# [TASK GOAL]
In the reply, include exactly the lines of the entries below from the first to the line with "Sleeveless maxi dress", that line included.

START RECORDS SUPPLIED

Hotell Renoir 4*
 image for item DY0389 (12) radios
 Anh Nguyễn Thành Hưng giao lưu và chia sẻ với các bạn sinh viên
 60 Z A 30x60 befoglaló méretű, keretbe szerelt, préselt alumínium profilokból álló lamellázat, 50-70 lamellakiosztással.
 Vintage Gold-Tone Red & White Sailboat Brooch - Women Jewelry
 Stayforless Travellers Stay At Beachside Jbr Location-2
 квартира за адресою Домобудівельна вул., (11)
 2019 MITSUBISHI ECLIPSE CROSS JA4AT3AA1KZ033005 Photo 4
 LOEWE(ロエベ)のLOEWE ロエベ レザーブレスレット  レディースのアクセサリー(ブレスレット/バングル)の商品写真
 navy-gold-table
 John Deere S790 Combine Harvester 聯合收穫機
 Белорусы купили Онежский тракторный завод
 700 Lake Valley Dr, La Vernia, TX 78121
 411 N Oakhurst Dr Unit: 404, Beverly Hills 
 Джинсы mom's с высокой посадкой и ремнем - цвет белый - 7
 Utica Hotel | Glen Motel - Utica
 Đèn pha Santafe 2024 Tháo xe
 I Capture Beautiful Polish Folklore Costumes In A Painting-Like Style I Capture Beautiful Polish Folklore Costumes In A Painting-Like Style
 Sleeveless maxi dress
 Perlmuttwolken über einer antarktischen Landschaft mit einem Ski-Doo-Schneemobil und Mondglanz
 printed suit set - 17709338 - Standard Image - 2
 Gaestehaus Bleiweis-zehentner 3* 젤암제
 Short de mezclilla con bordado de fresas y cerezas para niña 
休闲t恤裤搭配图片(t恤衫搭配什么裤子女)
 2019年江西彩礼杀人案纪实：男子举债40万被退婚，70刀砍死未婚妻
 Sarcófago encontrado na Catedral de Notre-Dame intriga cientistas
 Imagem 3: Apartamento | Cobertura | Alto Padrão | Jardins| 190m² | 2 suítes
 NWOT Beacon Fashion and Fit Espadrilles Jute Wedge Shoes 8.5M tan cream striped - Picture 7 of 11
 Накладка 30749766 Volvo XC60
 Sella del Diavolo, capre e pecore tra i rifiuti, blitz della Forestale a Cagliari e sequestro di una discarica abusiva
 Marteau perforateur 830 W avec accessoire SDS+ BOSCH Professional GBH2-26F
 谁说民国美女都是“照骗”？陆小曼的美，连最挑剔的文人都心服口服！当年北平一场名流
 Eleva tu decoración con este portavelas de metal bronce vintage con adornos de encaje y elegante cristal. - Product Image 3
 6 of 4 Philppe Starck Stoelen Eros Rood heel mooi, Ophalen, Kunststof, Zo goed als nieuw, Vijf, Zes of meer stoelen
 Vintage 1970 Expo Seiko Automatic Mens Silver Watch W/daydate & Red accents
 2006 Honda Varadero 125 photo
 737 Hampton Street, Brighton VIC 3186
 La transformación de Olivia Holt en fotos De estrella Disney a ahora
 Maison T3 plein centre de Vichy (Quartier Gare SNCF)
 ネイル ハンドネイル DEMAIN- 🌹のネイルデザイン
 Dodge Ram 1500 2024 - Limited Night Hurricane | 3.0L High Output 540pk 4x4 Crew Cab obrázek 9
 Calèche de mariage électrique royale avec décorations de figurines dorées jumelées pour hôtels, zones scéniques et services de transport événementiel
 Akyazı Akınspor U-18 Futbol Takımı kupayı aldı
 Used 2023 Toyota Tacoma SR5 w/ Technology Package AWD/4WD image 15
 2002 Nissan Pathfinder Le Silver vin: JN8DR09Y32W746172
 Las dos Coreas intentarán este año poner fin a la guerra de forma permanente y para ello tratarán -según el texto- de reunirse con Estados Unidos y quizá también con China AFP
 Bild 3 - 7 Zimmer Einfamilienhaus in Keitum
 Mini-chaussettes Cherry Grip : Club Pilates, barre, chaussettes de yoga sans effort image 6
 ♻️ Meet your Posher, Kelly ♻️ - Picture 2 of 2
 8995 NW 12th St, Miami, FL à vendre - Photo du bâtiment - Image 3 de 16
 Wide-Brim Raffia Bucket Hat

END RECORDS SUPPLIED

# [EXERCISE RESPONSE]
Hotell Renoir 4*
 image for item DY0389 (12) radios
 Anh Nguyễn Thành Hưng giao lưu và chia sẻ với các bạn sinh viên
 60 Z A 30x60 befoglaló méretű, keretbe szerelt, préselt alumínium profilokból álló lamellázat, 50-70 lamellakiosztással.
 Vintage Gold-Tone Red & White Sailboat Brooch - Women Jewelry
 Stayforless Travellers Stay At Beachside Jbr Location-2
 квартира за адресою Домобудівельна вул., (11)
 2019 MITSUBISHI ECLIPSE CROSS JA4AT3AA1KZ033005 Photo 4
 LOEWE(ロエベ)のLOEWE ロエベ レザーブレスレット  レディースのアクセサリー(ブレスレット/バングル)の商品写真
 navy-gold-table
 John Deere S790 Combine Harvester 聯合收穫機
 Белорусы купили Онежский тракторный завод
 700 Lake Valley Dr, La Vernia, TX 78121
 411 N Oakhurst Dr Unit: 404, Beverly Hills 
 Джинсы mom's с высокой посадкой и ремнем - цвет белый - 7
 Utica Hotel | Glen Motel - Utica
 Đèn pha Santafe 2024 Tháo xe
 I Capture Beautiful Polish Folklore Costumes In A Painting-Like Style I Capture Beautiful Polish Folklore Costumes In A Painting-Like Style
 Sleeveless maxi dress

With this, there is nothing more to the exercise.